# 3 axis RO with iGaging scales



## Bobf (Jun 6, 2014)

I posted before (Oct) about adding the scales to my 1952 Index 55. My original intention, keeping this low buck was to use the Shumatech DRO kit for a consolidated display. The kits were sold out so I made do with the iGaging individual readouts, and they work just fine.
Scott (Shumatech) decided to make another run of the DRO550's, so I ordered one with green displays. The kit is just the multi-layer pcb with all main ic's already soldered to the board. You have to solder the individual headers and readouts and several other components to the pcb, but all relatively simple. I ordered a case, mtg kit, and cable kit with iGaging compatible connectors from Wildhorse Innovations to complete the project. 
I think I have less than $400 in the whole setup, including scales, kit and case and cables.

(Note in the photos I haven't removed the iGaging readouts yet, since they're magnetic mount I just left them)


----------



## ric686 (Jun 10, 2014)

Very nice! I'm getting ready to install the same iGaging scales and remote displays, but I'm thinking about making the leap to the DRO-550 display at the same time. Did you have any issues getting the scales to work with the DRO-550?


----------



## Bobf (Jun 11, 2014)

ric686 said:


> Did you have any issues getting the scales to work with the DRO-550?

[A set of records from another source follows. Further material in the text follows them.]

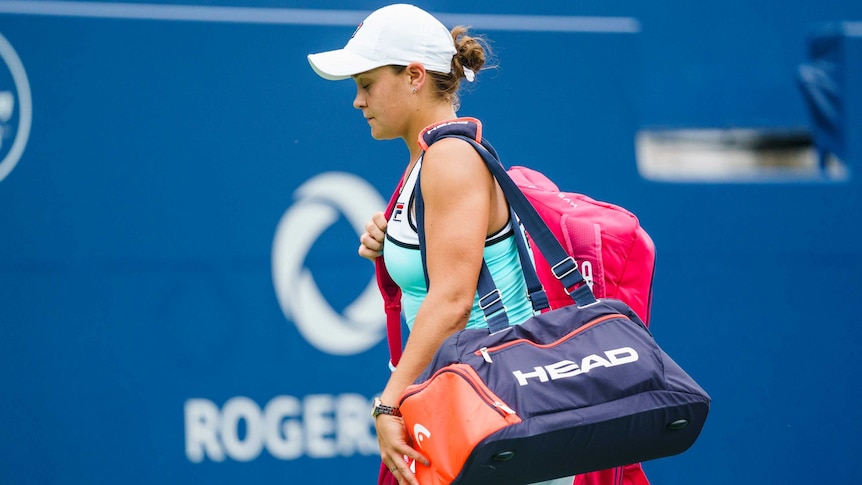 A tennis player walks off the court, eyes down, carrying her bags after a loss.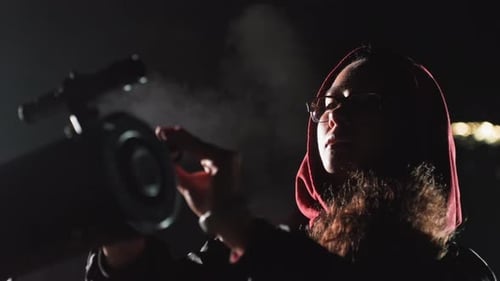 Girl Looks Through Telescope for Space Exploration at Night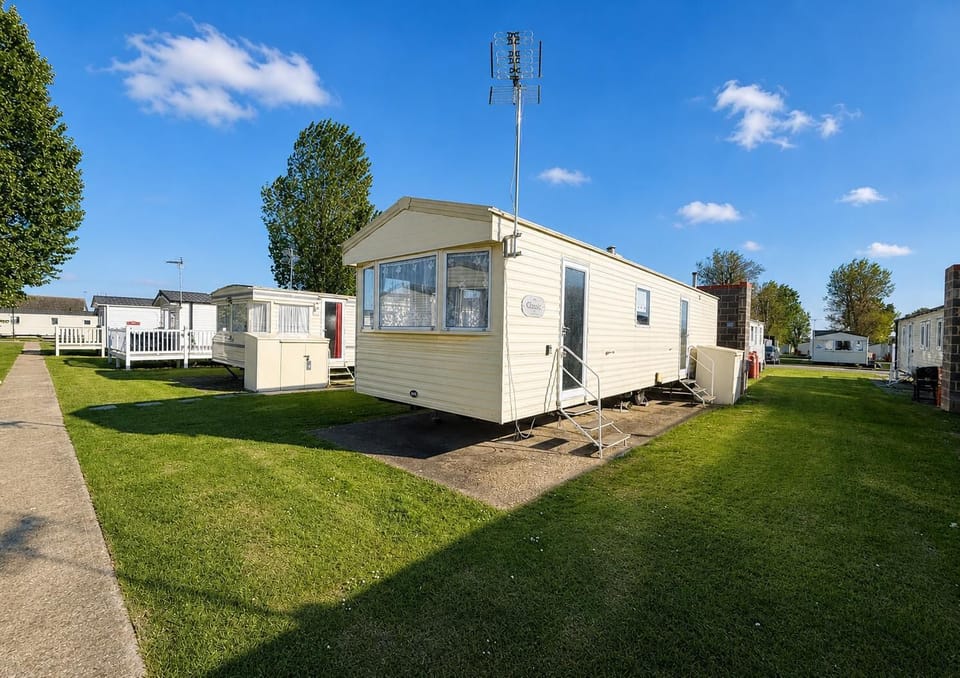 This modern caravan located on Highfield Grange Holiday Park is the perfect place to base yourself before exploring Clacton on Sea for traditional seaside fun.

No problem connecting the iGaging scales to the DRO. The easiest path is the one I followed, by using the Digi-key connectors in the DRO box. Just a matter of unplugging from the small readouts and into the DRO connectors. The DRO-550's as supplied by Scott don't have the 3.3v or clock signal required by the scales. He fixed that on the DRO-375's BUT they are no longer available.
The write-up on assembling the 550 shows how to jumper for the 3.3v and clock signal for the iGaging scales.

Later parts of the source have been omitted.